Audi is about to kick off a new expansion phase to in an effort to establish clear leadership of the world premium car market by 2020.
It aims to achieve this by increasing its model count from 50 to 60, helping it push its current record volume ahead another 20 percent to two million units a year.
Speaking at an event in Copenhagen to mark 25 years of TDI diesel engines, Audi chairman Rupert Stadler said the company would begin a new expansion phase this autumn to reach its aggressive new targets — which would depend heavily on diesel sales continuing to boom.

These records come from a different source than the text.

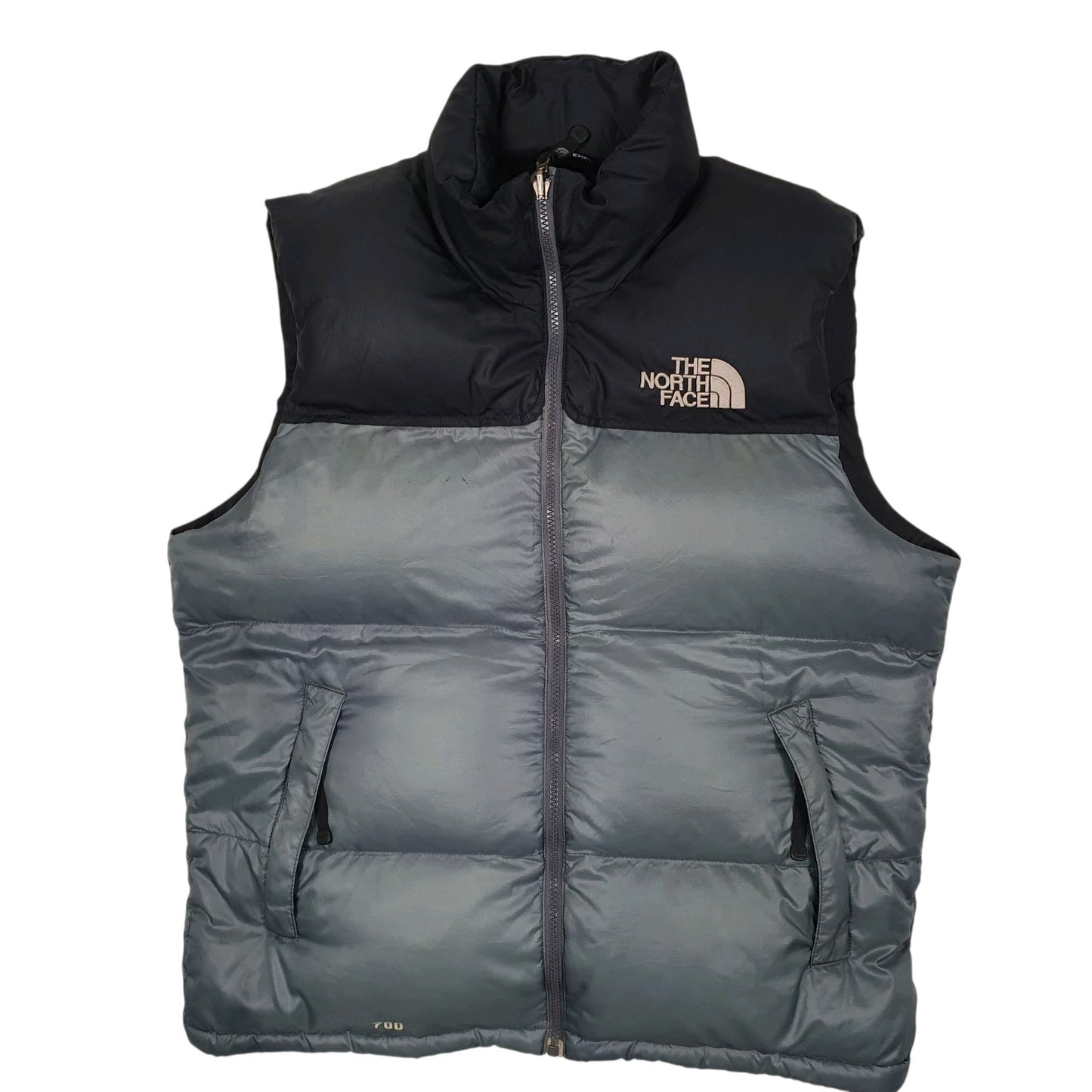 Mens Grey The North Face Nuptse Gilet Vest Bodywarmer  Coat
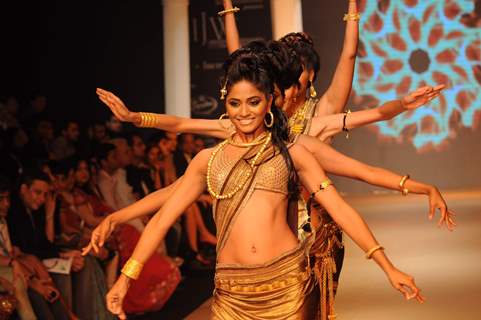 Models walks the ramp for Birdhichand Ghanshyamdas at IIJW 2011 Day 4. .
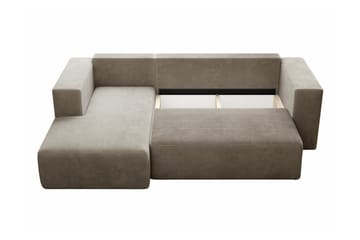 Listowel 3-seter Venstre Hjørnesovesofa 121x205 cm med Oppbevaring - Antrasitt - Møbler - Sofaer - Sovesofaer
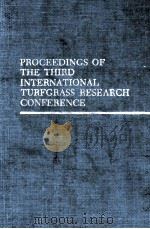 PROCEEDINGS OF THE THIRD INTERANTIONAL TURFGRASS RESEARCH CONFERENGCE（ PDF版）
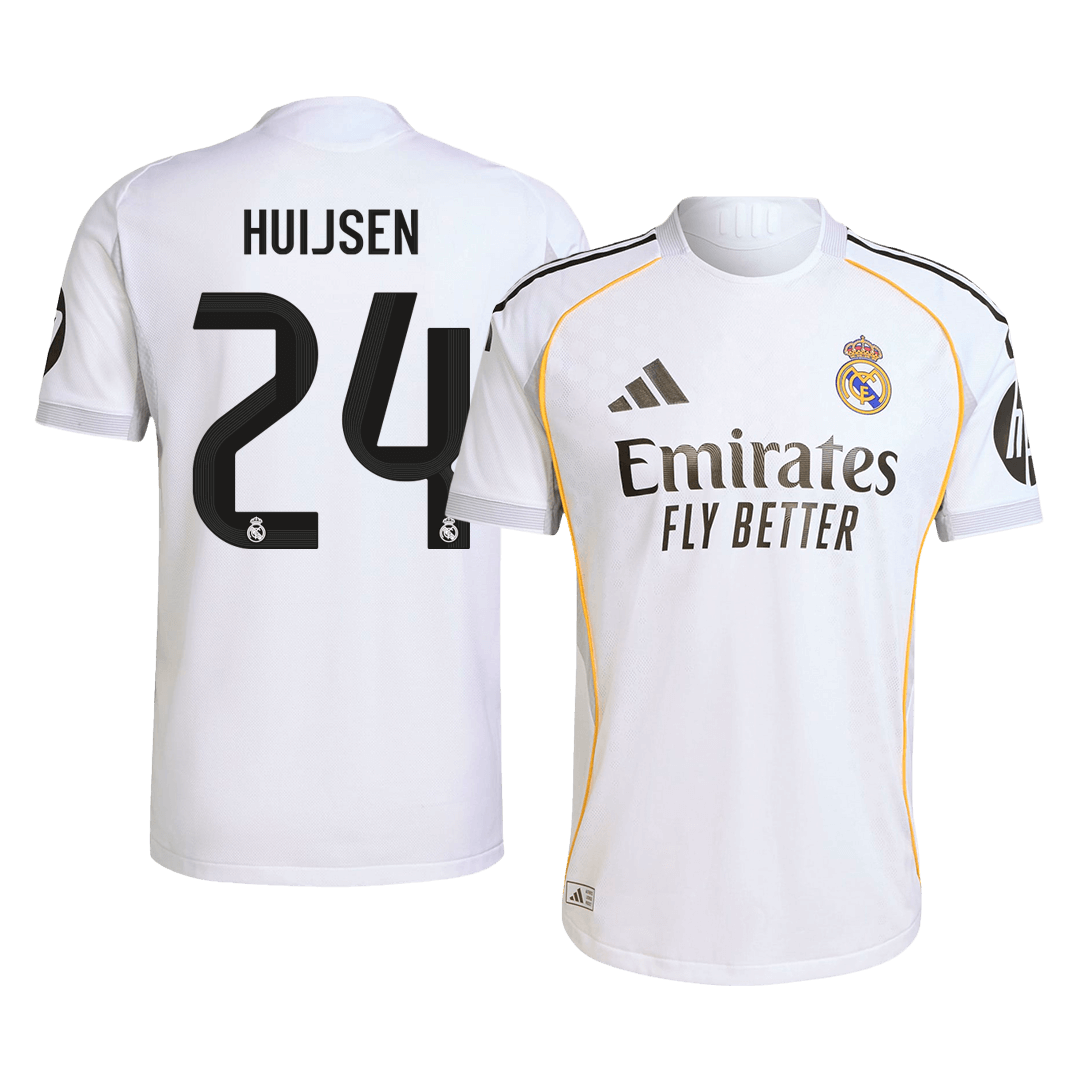 Real Madrid HUIJSEN #24 Home Soccer Jersey Authentic 2025/26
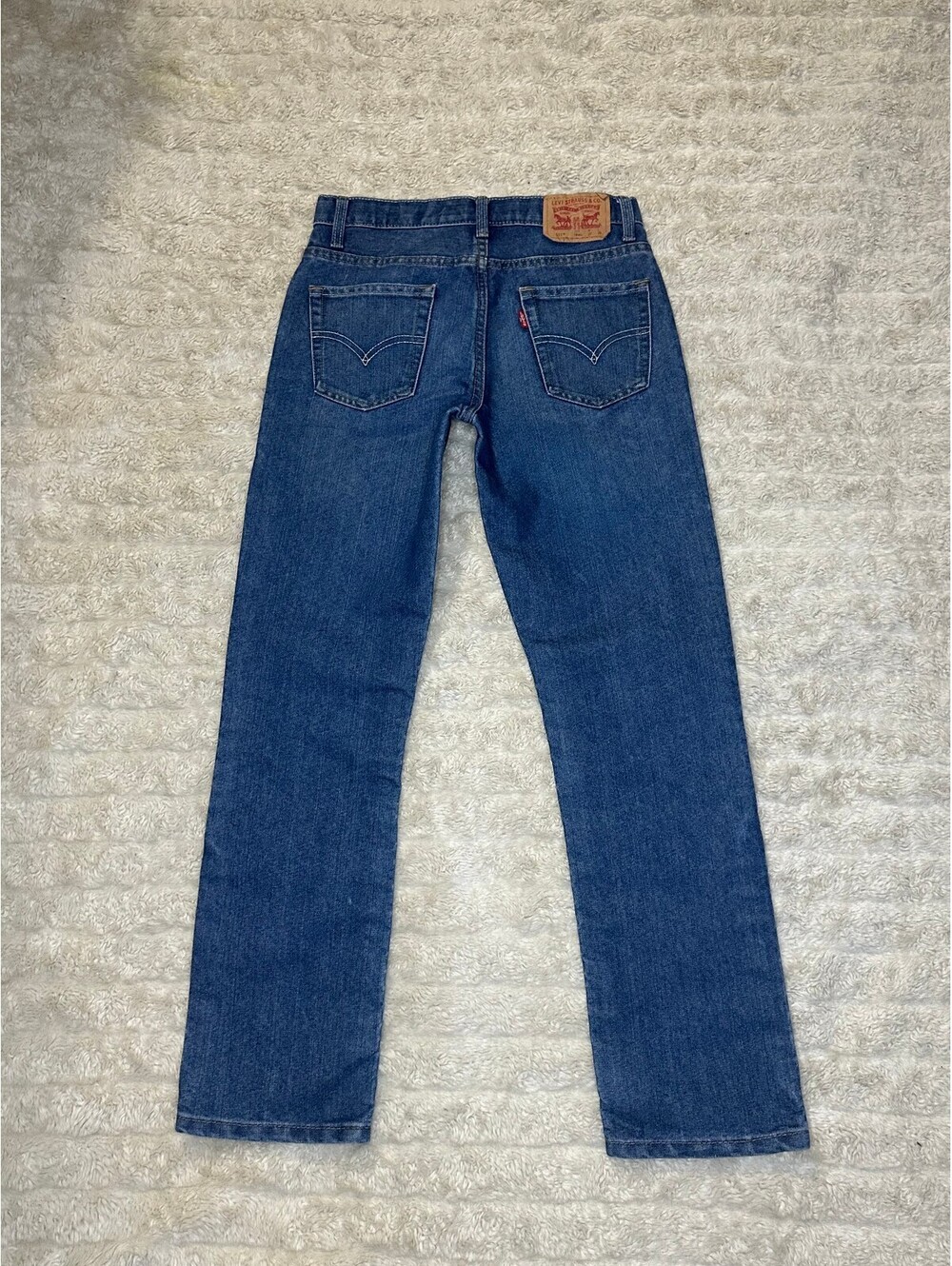 Levi's 511 Slim medium wash stretch denim jeans Youth 14Reg W27 L29/ Women XS/S - Picture 6 of 9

Underscoring its continuing dependence on diesel sales, the company is close to approving a new range of high-performance diesel models, possible carrying the RS badge, following a positive reception for its recent 380bhp RS5 TDI-e concept car.
The new range could be topped with a limited edition supercar in the Le Mans mould, an idea first mooted 18 months ago.
The company has so far built 7.7 million TDI powered cars, he said, and four in every 10 Audis was a diesel. In some markets, the diesel take-up was as high as 90 percent; even in the diesel-sceptical USA, take-up was around 30 percent and rising.
Audi's dependence on diesel sales makes it especially keen to take back the high ground in diesel development. It was led by its rivals to the adoption of refinements like common-rail fuel injection and “intelligent” piezo injector technology.
More recently, the company has announced its intention to bring to production electrically-driven turbochargers (already used in its racing programmes), as a way of cutting turbo lag, in a new range of performance-oriented diesels.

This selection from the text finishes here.